Und wie setzen Sie sie fort?

Rowling hat eine magische Welt konzipiert, die auch romanintern nur dadurch funktioniert, dass sie sich gegen ihre nichtmagische Umwelt abgrenzt. Logisch ist also ein Plot, bei dem die Zerstörung der magischen Welt durch ihre Verschmelzung mit der sogenannten Muggelwelt droht, also mit der Welt von uns nichtmagischen Menschen. In meiner Geschichte, die in der Jetztzeit spielt, treibt die inzwischen erwachsene Hermine als Zaubereiministerin eine Politik der „Öffnung zur nichtmagischen Welt“ und setzt sie mit wachsender Skrupellosigkeit durch…

Hermine als eine der Bösen? Passt das noch zur Originalreihe?

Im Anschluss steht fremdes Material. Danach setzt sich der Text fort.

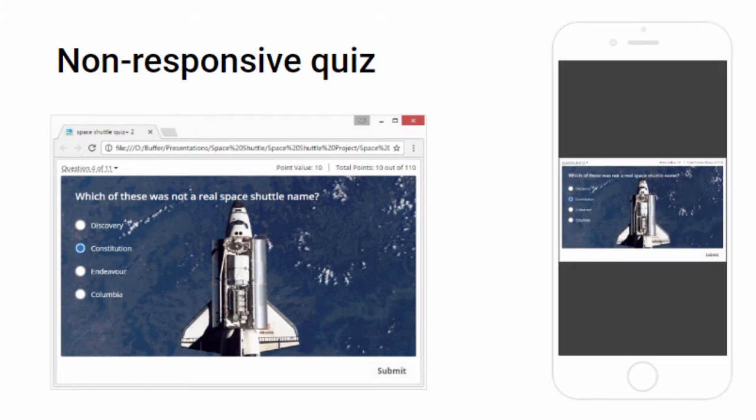Without responsive design, this is how the question would look on a smartphone. The text and buttons are so small the user can't even read them, let alone select them.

Ich habe darauf geachtet, dass mein Roman nahtlos an Rowlings Zyklus anschließt, und dazu gehört auch, ihre Charaktere nicht zu entstellen. Hermine ist nicht böse, auch in meiner Geschichte nicht. Sie tut nur Böses. Sie tut es zum einen, weil ihre von Rowling angelegten problematischen Charakterzüge, etwa ihr Hang zur Bevormundung Anderer, bei der erwachsenen Politikerin zur vollen Entfaltung kommen, zum anderen, weil sie von einem Schwarzen Magier manipuliert wird, der diese Züge zynisch ausnutzt und sie zu einer zunehmend diktatorischen Politik verleitet. Manche ihrer Methoden dürften den feuchten Träumen von Heiko Maas und Konsorten entsprechen…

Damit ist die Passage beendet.